FACCI : FORSE LO STATO NON HA UCCISO CUCCHI, MA CERTAMENTE LO HA LASCIATO MORIRE. E QUESTA E' UNA COLPA NON CANCELLABILE




Non ho seguito, lo confesso subito, la vicenda di Stefano Cucchi, non ho, a pelle, simpatia per la sorella Ilaria ma se fossi al posto suo forse farei cose simili alle sue, se non proprio le stesse.  
Sono ovviamente d'accordo quando leggo che una persona che finisce nelle mani dello Stato, non dovrebbe poi morire, specie poi circondata da tutte queste ombre (in realtà stavolta qui è un buio brutto). Purtroppo, la gente che oggi urla e inveisce per Cucchi, spesso è la stessa che se ne frega delle condizioni ordinariamente disumane del carcere, pensando che "se sono finiti lì, se lo saranno meritato". L'idea che mi sono fatto è che alla gente stanno sulle palle i giudici quando NON condannano. E se stavolta sotto processo è il sistema carcere che normalmente ignorano, che anzi gli va bene così com'è, ebbè il mantra non cambia. Come scrive il professor Fiandaca, per la maggior parte degli italiani, "anche mediamente colti",  Giustizia = Condanna. 
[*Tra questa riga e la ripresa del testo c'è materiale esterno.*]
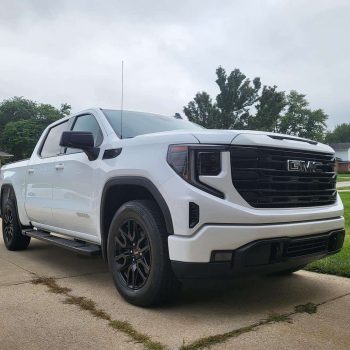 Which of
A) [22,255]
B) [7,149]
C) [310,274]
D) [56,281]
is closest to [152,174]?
[56,281]

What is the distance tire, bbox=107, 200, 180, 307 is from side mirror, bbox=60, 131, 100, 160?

Qui però la cosa sembra più complicata, perché le critiche di Ilaria Cucchi mi sembrano rivolte più all'Accusa, e quindi ai PM che hanno svolto le indagini e poi formulato l'imputazione, che non ai giudici della Corte che ha assolto per mancanza di prove sufficienti nei confronti degli imputati. Il che non vuol dire che Stefano Cucchi "l'ho ucciso io", per ricordare il cartello che impazza sui social, ma che non c'è prova adeguata che i responsabili fossero i processati. Magari sono altri, e ancora più probabimente, come detto, è proprio l'accusa sbagliata.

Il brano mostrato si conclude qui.